== Segment start ==

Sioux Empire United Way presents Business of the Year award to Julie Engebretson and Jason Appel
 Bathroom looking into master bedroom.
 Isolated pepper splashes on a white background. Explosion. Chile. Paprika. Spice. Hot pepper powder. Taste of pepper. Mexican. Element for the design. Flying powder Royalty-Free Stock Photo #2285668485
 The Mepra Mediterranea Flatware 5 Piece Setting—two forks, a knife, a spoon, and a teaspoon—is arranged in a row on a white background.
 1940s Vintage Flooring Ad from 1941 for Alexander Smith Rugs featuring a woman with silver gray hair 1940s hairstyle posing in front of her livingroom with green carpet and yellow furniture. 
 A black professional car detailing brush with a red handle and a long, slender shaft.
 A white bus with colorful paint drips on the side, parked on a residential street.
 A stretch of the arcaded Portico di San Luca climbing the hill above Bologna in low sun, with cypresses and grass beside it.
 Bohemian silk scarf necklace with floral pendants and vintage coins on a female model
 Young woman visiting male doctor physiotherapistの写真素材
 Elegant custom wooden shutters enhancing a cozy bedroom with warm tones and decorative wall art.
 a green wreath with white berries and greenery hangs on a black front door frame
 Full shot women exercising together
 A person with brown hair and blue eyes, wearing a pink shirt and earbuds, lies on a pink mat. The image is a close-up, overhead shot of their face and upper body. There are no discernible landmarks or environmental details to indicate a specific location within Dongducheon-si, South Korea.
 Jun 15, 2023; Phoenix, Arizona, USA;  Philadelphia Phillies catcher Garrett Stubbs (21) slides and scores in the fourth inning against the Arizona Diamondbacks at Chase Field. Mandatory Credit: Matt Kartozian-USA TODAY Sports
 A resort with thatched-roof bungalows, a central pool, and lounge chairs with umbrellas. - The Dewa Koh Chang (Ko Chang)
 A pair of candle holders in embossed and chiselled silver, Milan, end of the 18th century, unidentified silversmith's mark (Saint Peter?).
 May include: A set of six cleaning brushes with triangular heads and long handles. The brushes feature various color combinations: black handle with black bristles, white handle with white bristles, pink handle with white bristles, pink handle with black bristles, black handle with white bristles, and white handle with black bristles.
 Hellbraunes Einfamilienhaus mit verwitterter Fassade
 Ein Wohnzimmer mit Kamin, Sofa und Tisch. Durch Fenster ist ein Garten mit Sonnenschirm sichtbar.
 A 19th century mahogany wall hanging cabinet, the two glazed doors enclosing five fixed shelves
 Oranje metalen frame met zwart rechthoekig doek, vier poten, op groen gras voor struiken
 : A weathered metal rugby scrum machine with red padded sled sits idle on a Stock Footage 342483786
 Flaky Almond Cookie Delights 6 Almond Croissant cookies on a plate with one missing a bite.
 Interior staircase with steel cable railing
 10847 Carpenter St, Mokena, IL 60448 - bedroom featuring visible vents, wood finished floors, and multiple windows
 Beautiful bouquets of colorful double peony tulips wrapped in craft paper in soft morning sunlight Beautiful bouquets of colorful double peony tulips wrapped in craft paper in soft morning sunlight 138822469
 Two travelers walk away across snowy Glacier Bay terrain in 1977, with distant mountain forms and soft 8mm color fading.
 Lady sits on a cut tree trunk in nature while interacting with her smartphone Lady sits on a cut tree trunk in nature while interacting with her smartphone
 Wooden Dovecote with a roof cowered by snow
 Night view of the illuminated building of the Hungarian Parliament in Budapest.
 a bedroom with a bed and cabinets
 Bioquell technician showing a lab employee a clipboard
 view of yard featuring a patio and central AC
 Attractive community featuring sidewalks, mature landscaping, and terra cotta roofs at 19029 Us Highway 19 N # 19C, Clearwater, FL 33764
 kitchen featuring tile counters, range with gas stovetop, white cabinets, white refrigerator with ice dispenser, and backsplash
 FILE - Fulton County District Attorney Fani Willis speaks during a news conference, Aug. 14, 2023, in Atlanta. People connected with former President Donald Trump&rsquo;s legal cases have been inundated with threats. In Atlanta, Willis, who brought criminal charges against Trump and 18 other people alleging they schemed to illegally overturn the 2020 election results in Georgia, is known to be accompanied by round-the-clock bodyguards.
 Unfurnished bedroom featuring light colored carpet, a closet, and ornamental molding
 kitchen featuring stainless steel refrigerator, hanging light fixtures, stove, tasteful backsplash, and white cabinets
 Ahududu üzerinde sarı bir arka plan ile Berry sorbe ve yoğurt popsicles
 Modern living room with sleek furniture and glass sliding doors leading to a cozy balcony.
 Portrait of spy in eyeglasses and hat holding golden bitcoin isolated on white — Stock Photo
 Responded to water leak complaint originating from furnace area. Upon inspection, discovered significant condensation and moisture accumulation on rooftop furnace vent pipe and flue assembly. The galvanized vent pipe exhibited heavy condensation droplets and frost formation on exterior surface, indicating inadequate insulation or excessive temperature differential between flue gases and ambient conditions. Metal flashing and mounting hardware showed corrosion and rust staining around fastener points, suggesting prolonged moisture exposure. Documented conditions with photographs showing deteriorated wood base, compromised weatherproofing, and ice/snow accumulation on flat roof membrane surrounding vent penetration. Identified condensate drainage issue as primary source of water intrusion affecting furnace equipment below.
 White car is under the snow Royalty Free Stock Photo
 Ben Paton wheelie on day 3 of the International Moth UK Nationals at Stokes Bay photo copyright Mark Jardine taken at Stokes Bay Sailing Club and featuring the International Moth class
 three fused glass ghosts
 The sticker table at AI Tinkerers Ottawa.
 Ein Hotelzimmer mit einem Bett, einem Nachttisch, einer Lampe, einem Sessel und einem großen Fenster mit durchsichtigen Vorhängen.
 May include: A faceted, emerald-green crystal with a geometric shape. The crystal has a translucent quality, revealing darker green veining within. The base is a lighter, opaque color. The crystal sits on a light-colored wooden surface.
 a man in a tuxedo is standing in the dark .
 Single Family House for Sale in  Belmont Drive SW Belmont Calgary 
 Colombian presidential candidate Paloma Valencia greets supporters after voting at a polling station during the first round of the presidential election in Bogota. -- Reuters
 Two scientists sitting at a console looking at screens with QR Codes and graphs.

== Segment end ==

- [Work required]: Wherever the word "frame" appears in the records above, copy that line.

- [Answer]:
 a green wreath with white berries and greenery hangs on a black front door frame
 Oranje metalen frame met zwart rechthoekig doek, vier poten, op groen gras voor struiken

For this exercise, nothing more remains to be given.